# Which GPU for physx



## rock2702 (Mar 4, 2013)

My rig is in my siggy. I have ordered a 2560x1440 res 27 inch ips monitor.As 7970 doesn't have physx,I am looking for a cheap nvidia GPU to work as a physx card.It should be able to keep up with 7970 and let me play games with physx on high.


----------



## ashis_lakra (Mar 4, 2013)

GT 240 1gb ddr5 should be powerful enough for physx. Check the Bazaar section for used deals.


----------



## topgear (Mar 5, 2013)

yo, either GT 240 or a new GT620/630 is Op's best bet.


----------



## Cilus (Mar 5, 2013)

GT 630 is minimum. In fact, I will be looking for a old GTS 450.


----------



## sam_738844 (Mar 5, 2013)

Months back i created a thread which revealed that Phyx is pretty much dead... cilus also had commented that his GT240 did not make a noticable difference in most of the games as they many of them had CPU-based physics engine. It was also suggested that in near future Phyx would be obsolete and right now its more like a gimmik from Nvidia. a powerful GPU like 7970 is already capable of producing superb image quality, and hence Phyx is not a wise enough decision to have... in a dedicated card.  As i said, months have passed, the picture may have changed with emergence of forthcoming engines and architecture. Cilus..care to elaborate the future of Phyx in such perspective?


----------



## topgear (Mar 6, 2013)

very nice idea .. even I want to see how much effect phsyX still has on modern games ( of-course TWIMTBP titles only ) and PhysX effect - did I even see one anytime ? lol  BTW, care to share the old thread link of yours ?


----------



## Cilus (Mar 6, 2013)

Buddy, games with CPU physics engine, GT 240 does not make any kind of difference at all and sits idle.

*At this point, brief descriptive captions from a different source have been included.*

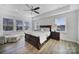 Spacious bedroom featuring neutral walls, a ceiling fan, and two large windows at 16709 Mckee Rd, Charlotte, NC 28278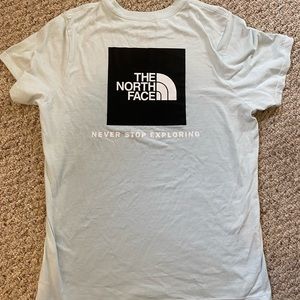 light blue North face graphic tee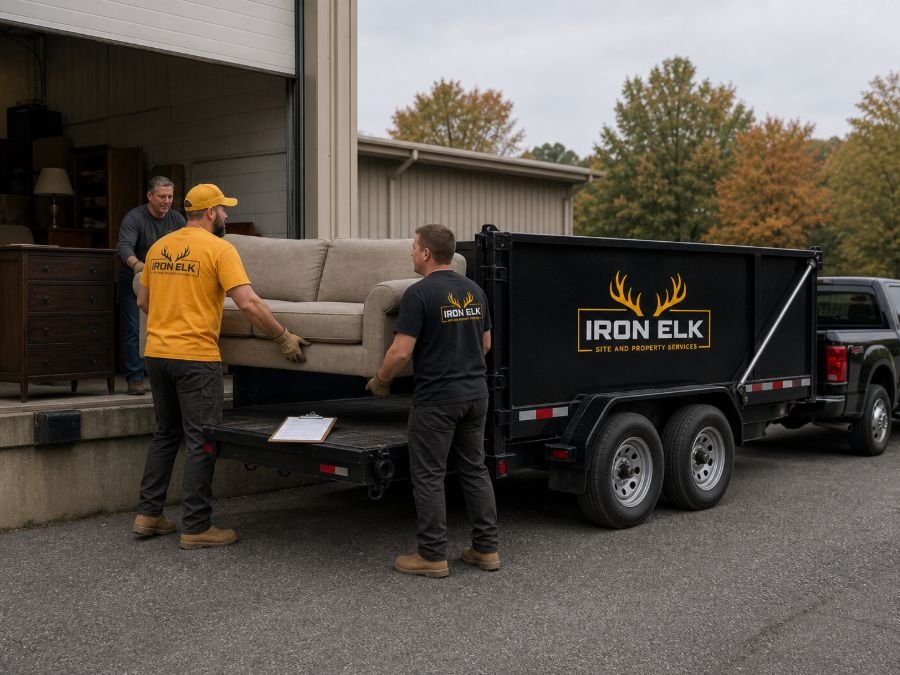Two workers carrying a couch out of a garage to the waiting trailer.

For using the PhysX, you need to have game with PhysX implementation and Modded PhysX driver in case the main card is an AMD. Now nVidia already has made the latest version of PhysX engine open for the developer to optimize it for CPU too. Currently PhysX, when running at CPU, uses older single threaded X87 instructions, resulting very poor performance. Now if developers, after having access to the PhysX SDK, can rewrite the CPU code with proper X86 instructions (SSE 2, SSE 3, SSE 4 and AVX/FMA) optimization, PhysX will be running smoothly in CPU too.


----------



## anirbandd (Mar 6, 2013)

So that means a Physx card will only serve as bling-bling for most of the time??


----------



## theserpent (Mar 6, 2013)

And there are very few Physx titles


----------



## sam_738844 (Mar 6, 2013)

Here is the good link for Phyx or not discussion

*www.thinkdigit.com/forum/graphic-c...raphics-card-dedicated-phyx-baseline-aux.html


----------



## rock2702 (Mar 6, 2013)

Thanks for the answers guys.I bought my PC 3 months back and at that time I was almost convinced to go for an nvidia card as usual,because my two previous cards were nvidia and I never had an experience with amd.Also physx in borderlands looks good  and a single nvidia GPU,even the 670/680 can't handle advanced physx and graphics alone without performance drops.The 12.11 drivers,3gb frame buffer,384 bit memory bus is what convinced me to take a chance with amd for the first time.I am really happy with the card as I can turn on the AA even at 2560x1440 res and still have good experience.The only game which did not look good on this GPU was borderlands 2,I don't know why and now after switching to a wqhd monitor I wanted to play this game with physx which is only possible with a dedicated nvidia GPU.I was even thinking to get a gtx 650ti only for physx  but that seems way too overkill.Finding a gts 450 is very difficult.I am still on the lookout,my old 9800gtx would have served the purpose,was it not dead


----------



## sam_738844 (Mar 6, 2013)

I had created that thread to get my self convinced about the use and future of PhyX. without any hesitation i can say that in borderlands2, turning on Phyx just dazzled me. My GT435M can not handle high Phyx, but i have seen the effects, and then i went to a neighbour with GTX460 and greeted my eyes with the effects with a smooth FPS. It was a whole new visual experience for me, i did not notice any substantial difference in turning on Phyx in other games because i DO NOT have enough resources to imply such settings. clearly in the back of my mind i wanted Phyx to be proved rightful. Yes there are arguments which denies its utilization in titles but since i dont posses a high-end card, i barely can justify the difference anyway in any game, so seeing it for real in even one game that i loved, meant a lot to me. and nvidia provided the experience that no AMD could. I sincerely hope that PhyX , however techno-literally opinionated by nvidia it may be, however tentative scope it may have in coming days....should be given a chance. Because it caught my attention...which is not easy.


----------



## ashis_lakra (Mar 6, 2013)

PhysX is definitely not gimmick rather its a visual treat to our eyes even if the debris / flames in games move in weird position. It looks more appealing and engaging while playing. This should definitely be implemented in all future games like Battlefield 4, GTA 6, FarCry 4 etc. The game will look more real when you shoot / use a knife and the enemy's clothes / skins tear down with blood oozing from them lol. Visual treat for me at least.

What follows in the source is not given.